Experte rät zum Dialog

„Partnerschaften zu beenden, ist ein billiges und wirkungsloses Mittel“, sagt Peter Oliver Loew, Direktor des renommierten Deutschen Polen-Instituts in Darmstadt, das seit seiner Gründung 1980 bei der Entstehung vieler Partnerschaften beratend zur Seite stand. Was schon daran liegt, dass nicht jede Partnerschaft zwischen deutschen und polnischen Gemeinden gleich ist.

„Es gibt viele sehr lebendige Partnerschaften. Aber aus Erfahrung kann man sagen, dass die Partnerschaften umso weniger intensiv sind, je größer die Städte sind. Einige deutsch-polnische Städtepartnerschaften sind einfach nur Papiertiger“, so Loew, dessen Institut im Herbst auch eine Studie über die deutsch polnischen Städtepartnerschaften veröffentlichen wird.

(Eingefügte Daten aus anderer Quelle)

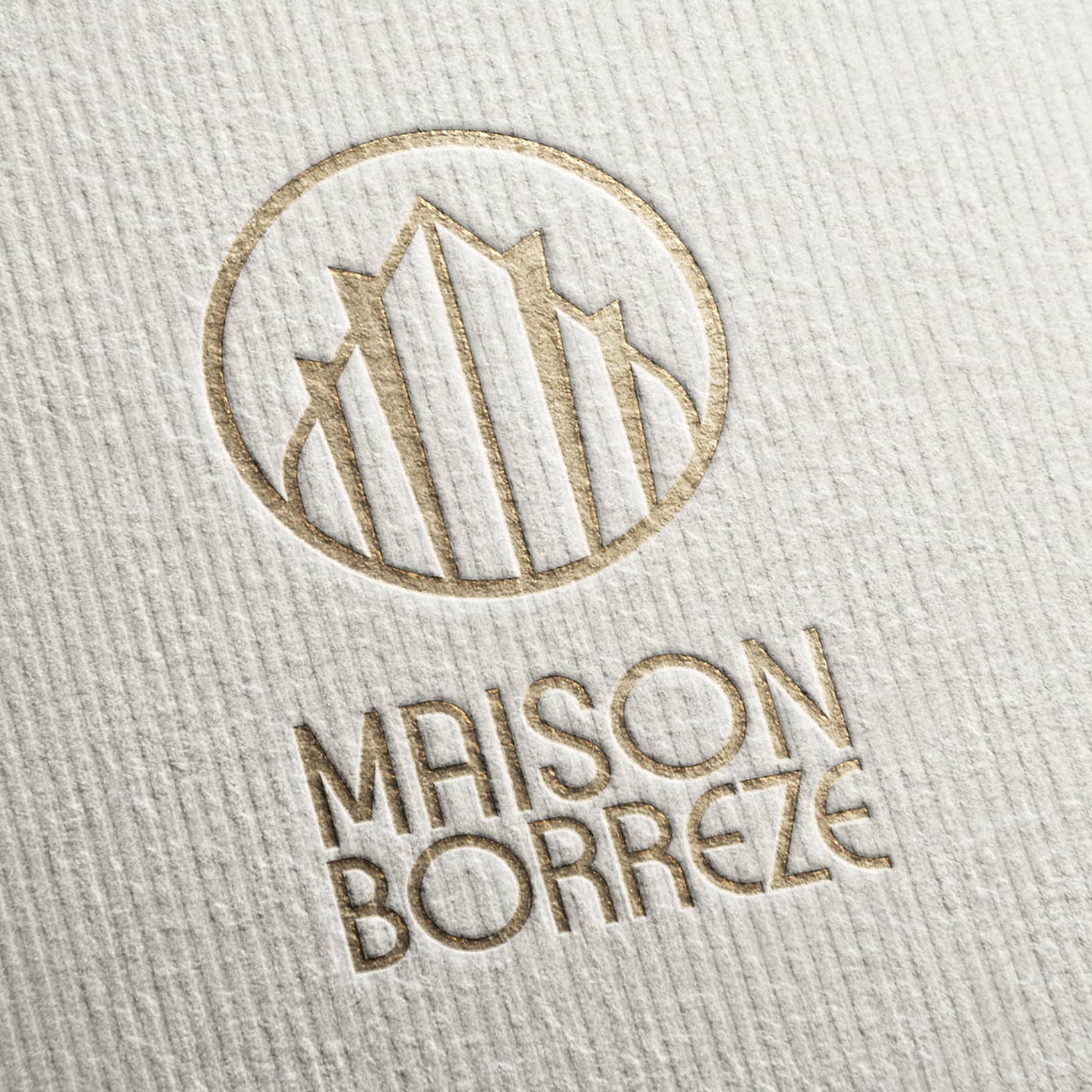 Logo doré Maison Borrezé embossé sur papier.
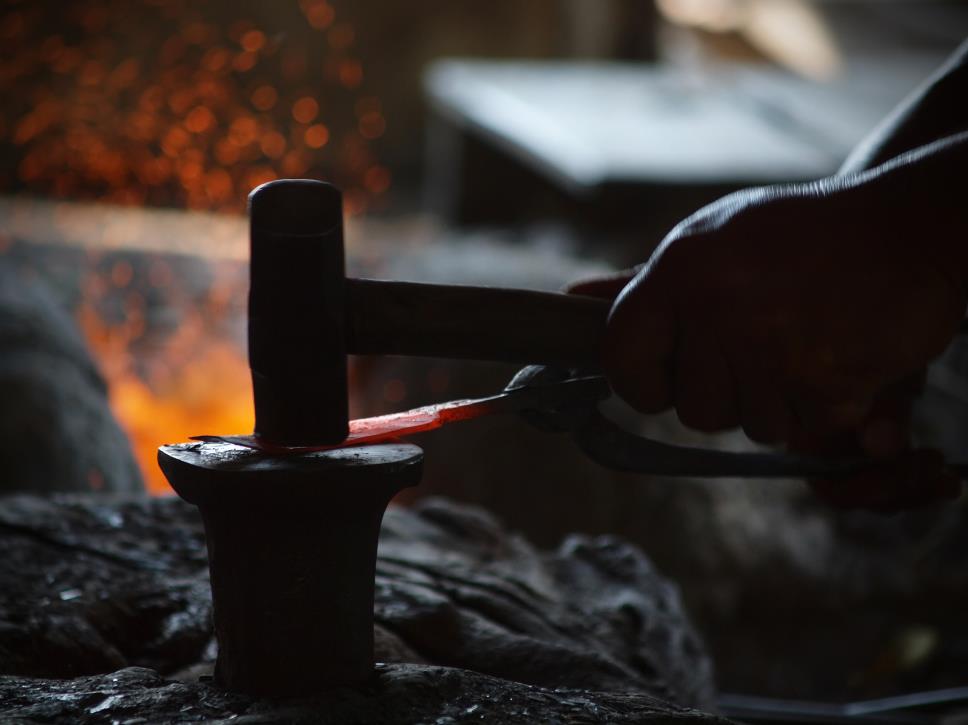 Process of making three layered steel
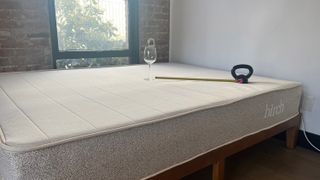 A wine glass and tape measure on the Birch Natural Mattress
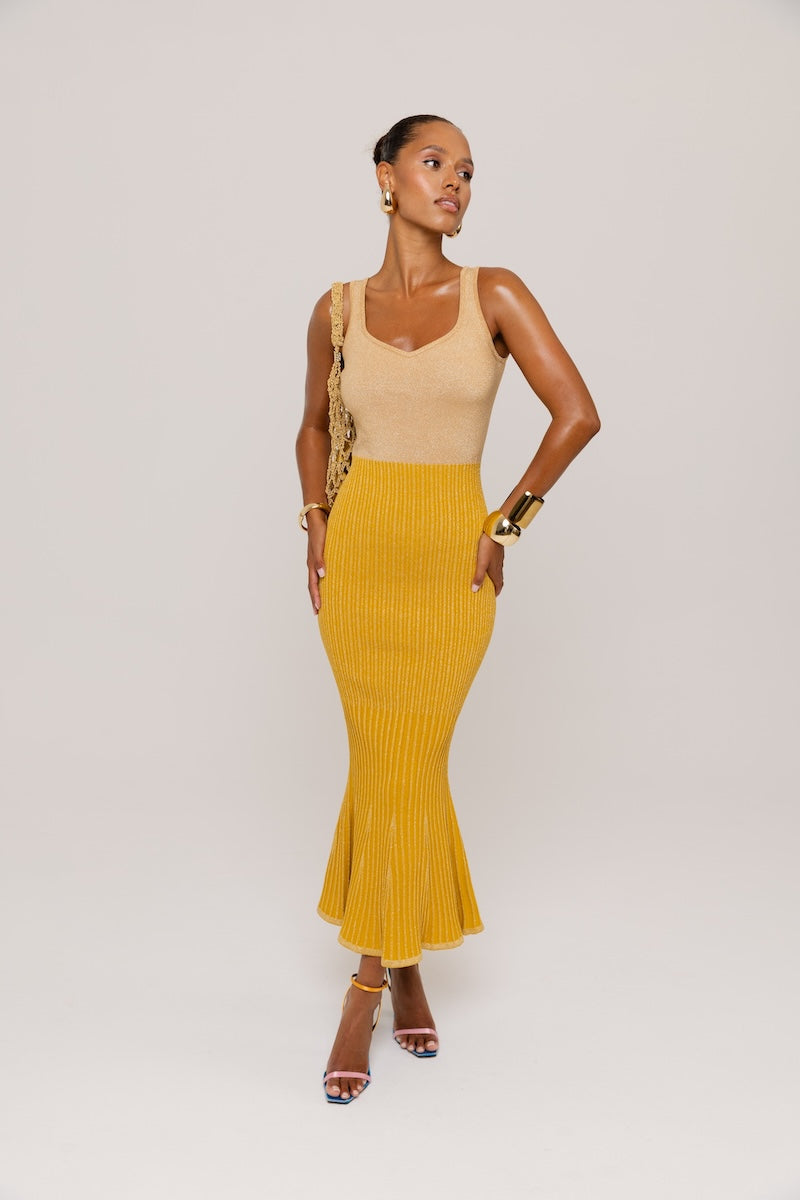 Golden Hour metallic knit maxi dress by Andreeva featuring a shimmering gold finish and a flowing, elegant silhouette.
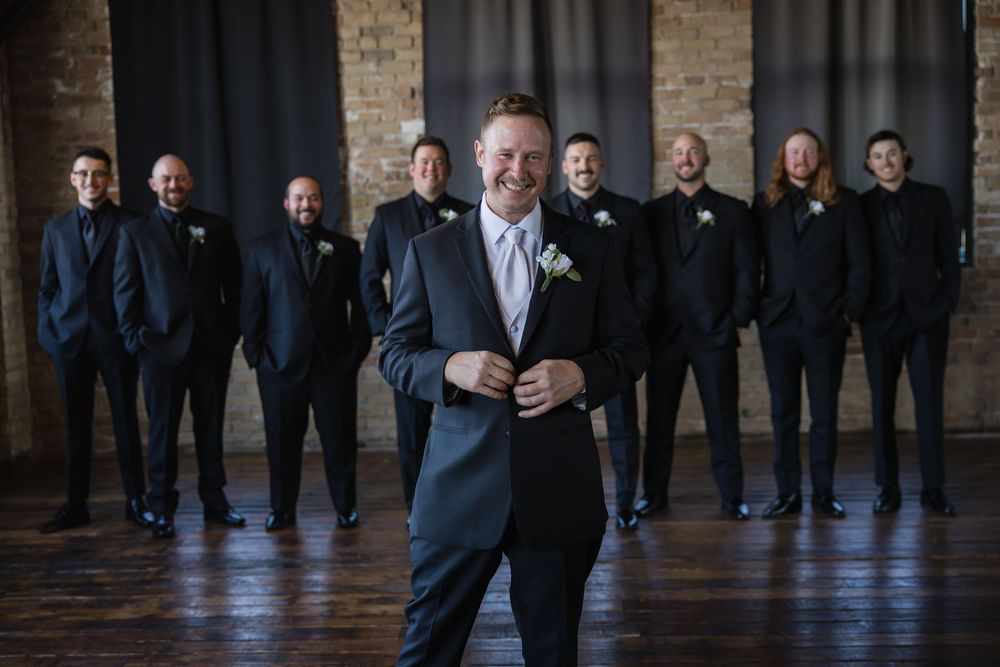 A groom in a navy suit stands confidently in front of his groomsmen wearing black suits in an industrial brick venue.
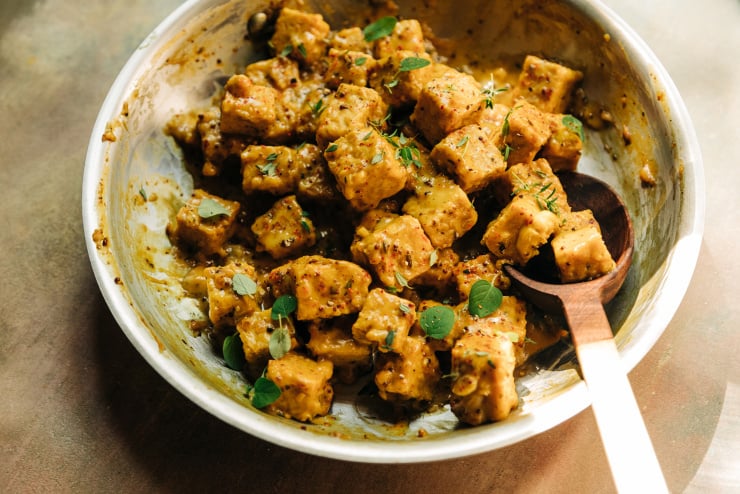 A 3/4 angle shot of saucy chunks of maple mustard tempeh in a skillet. The sauce is golden yellow and the tempeh is garnished with fresh thyme and oregano leaves.
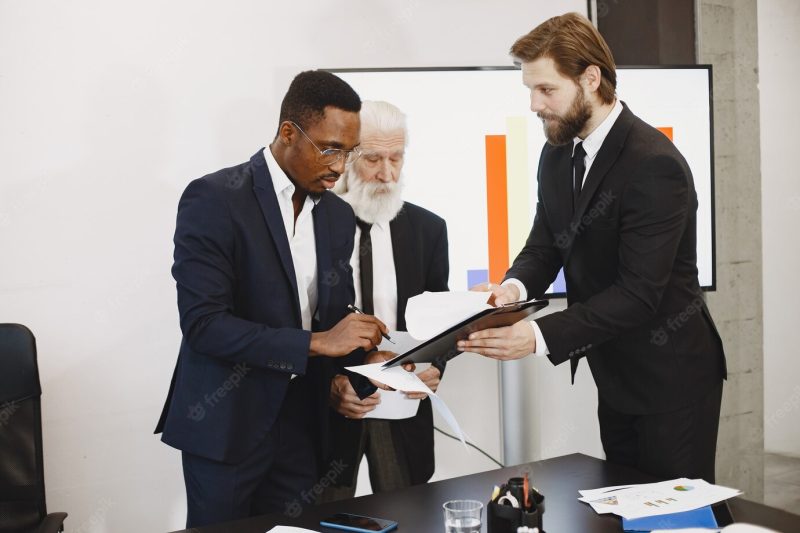 African man in a black suit. Free Photo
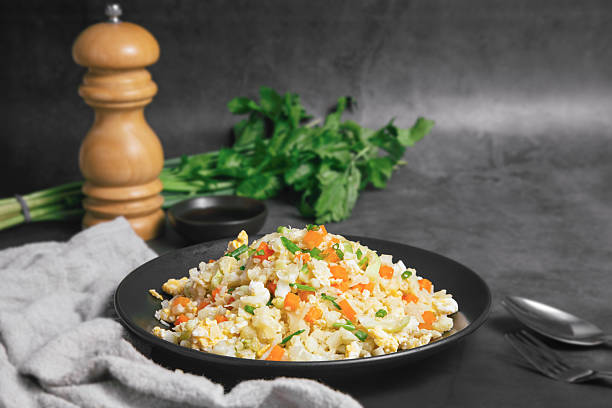 istock Non-gluten fried rice made from cauliflower, carrots and eggs, topped with spring onions. Delicious served on a plate with a black stone background. Healthy food. 2232578578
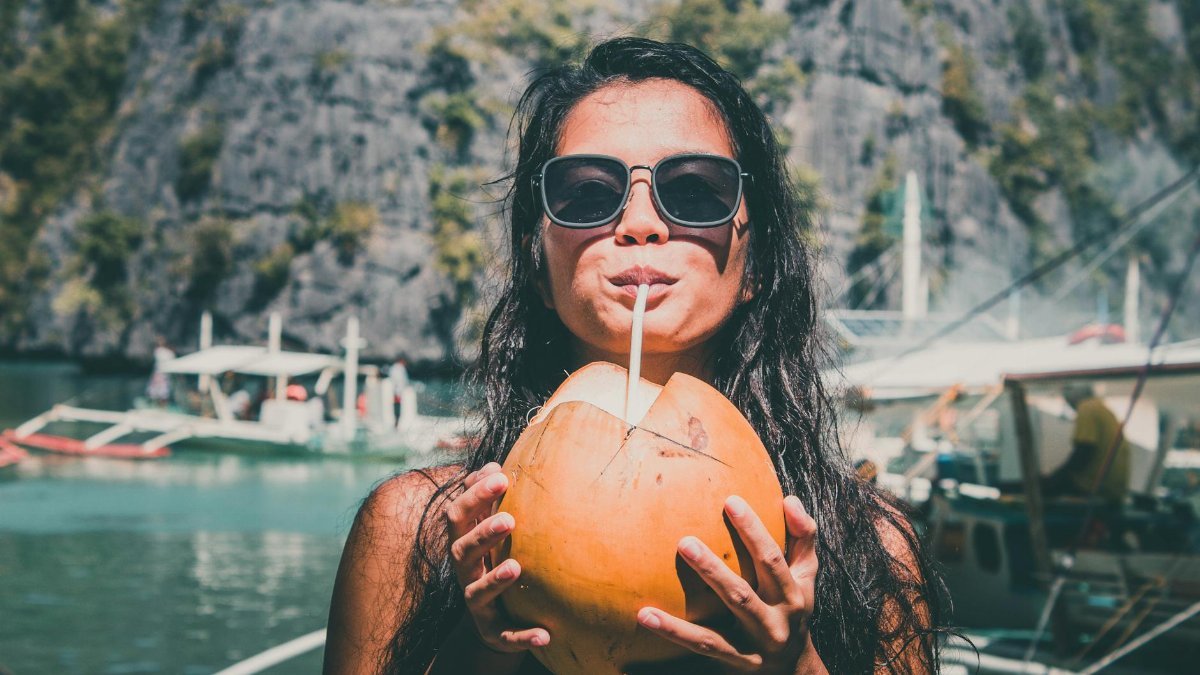 A woman in sunglasses enjoying a fresh coconut drink by the water, with boats and mountains in the background.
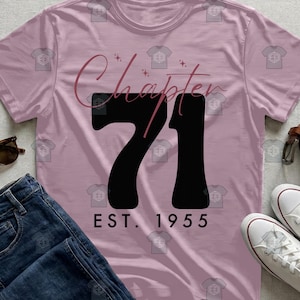 Puede incluir: Camiseta rosa claro con la frase "Chapter 71" en cursiva y el número 71 en negro. Debajo, "EST. 1955". La camiseta se muestra con vaqueros azules y zapatillas blancas.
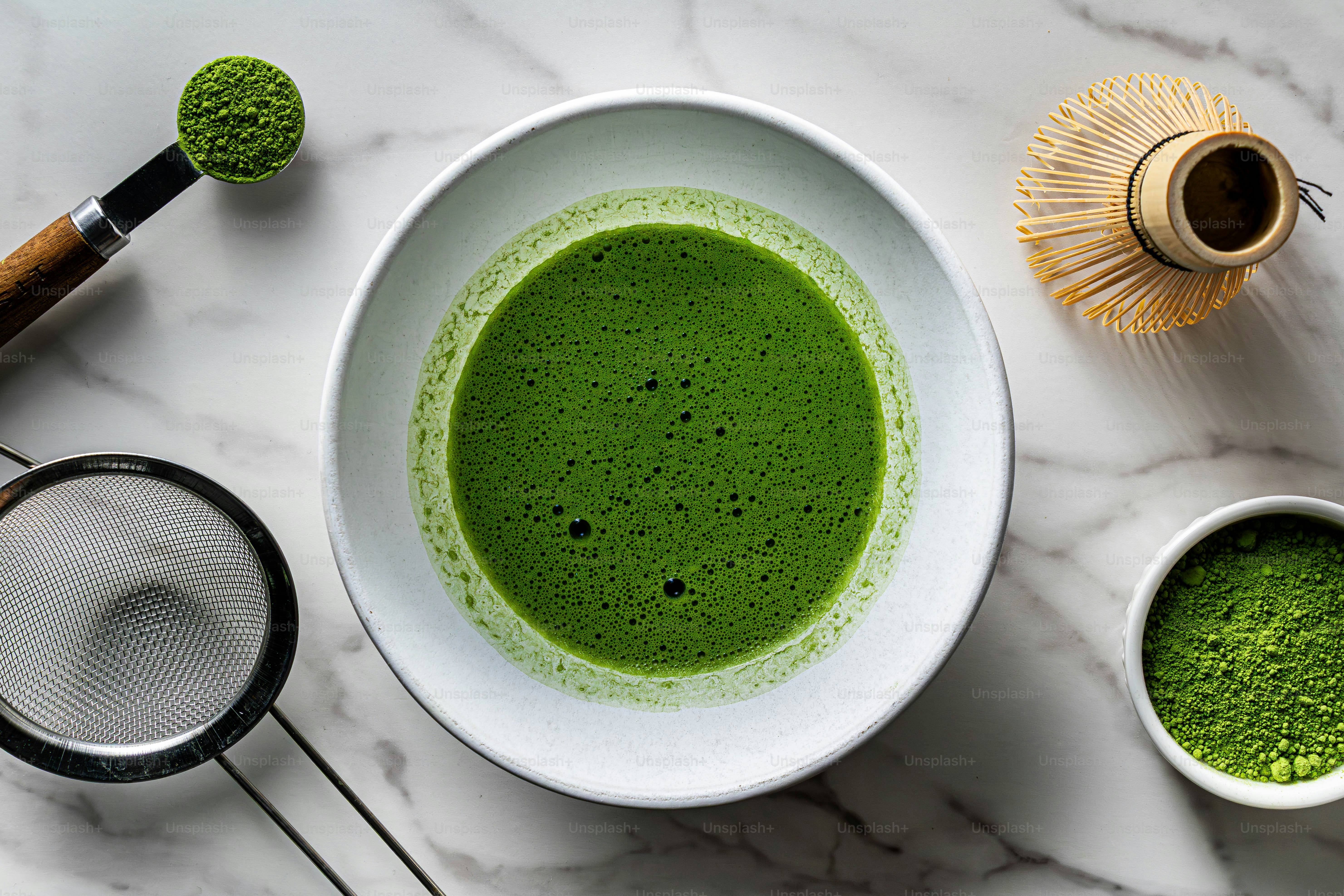 A frothy green matcha tea with a bamboo whisk photo – Natural Image on ...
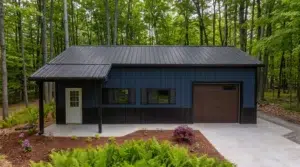 Navy blue metal garage with workshop in a wooded lot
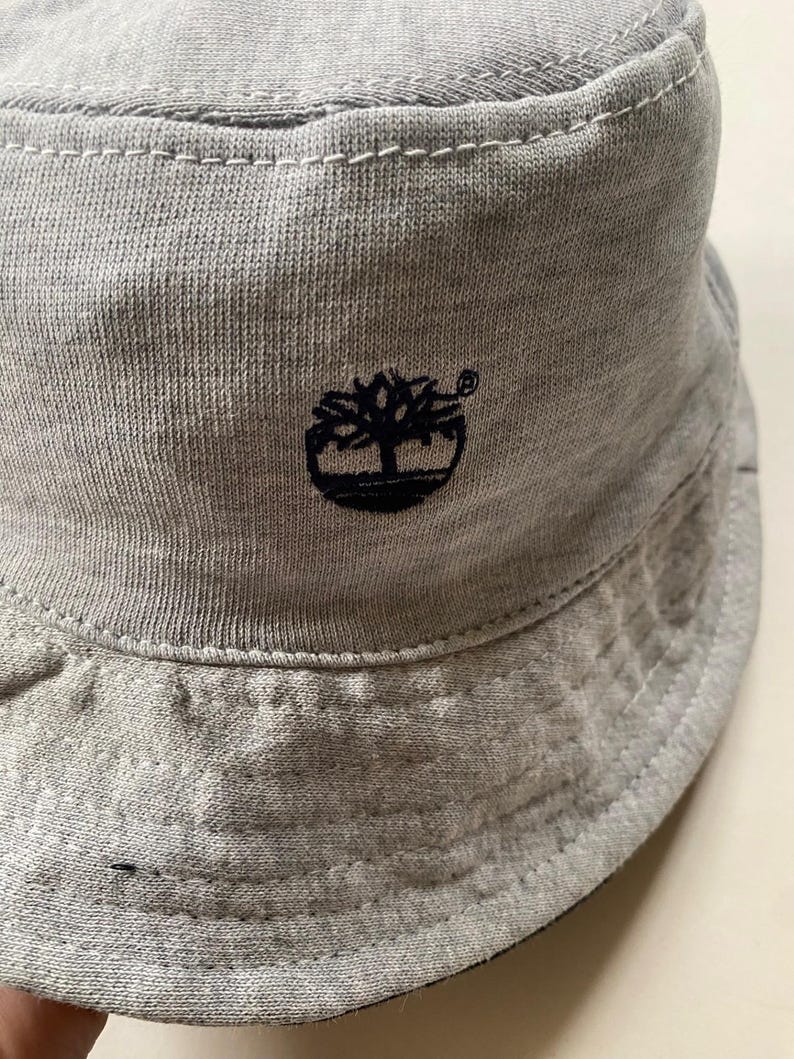 May include: A light grey bucket hat with a black embroidered tree logo. The hat is made of a soft, textured fabric and features a stitched brim. The Timberland logo is on the front.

Stattdessen rät der Experte zum Dialog. „Man kann den Kontakt zu den politischen Vertretern als Zeichen des Protestes abbrechen, doch die Zusammenarbeit auf gesellschaftlicher Ebene sollte erhalten werden.“ 

PiS weiß Kritik für ihre Zwecke zu nutzen

Gleicher Meinung sind auch die Gustav Wehner und Harm Adam, die sich in ihren Heimatstädten Oldenburg und Göttingen in den lokalen Deutsch-Polnischen Gesellschaften engagieren. In offenen Briefen sprachen sie sich gegen den Abbruch von Städtepartnerschaften aus und riefen dagegen zu einem gesellschaftlichen Dialog auf. Auch mit einem wichtigen Verweis: „Wenn wir draufschlagen, besteht die Gefahr der Solidarisierung mit der PIS, da Polen verteidigt werden muss.“

Und wie sehr es die Nationalkonservativen verstehen, die Kritik für eigene Zwecke zu nutzen, zeigt die Stadt Tuchów. Diese gehört zu den sechs Städten, denen die EU Fördermittel verweigert hat. Vom Justizministerium bekam sie nun jüngst als Entschädigung 250.000 Zloty zugesprochen. Umgerechnet sind das 62.000 Euro – das rund Vierfache der verweigerten EU-Gelder.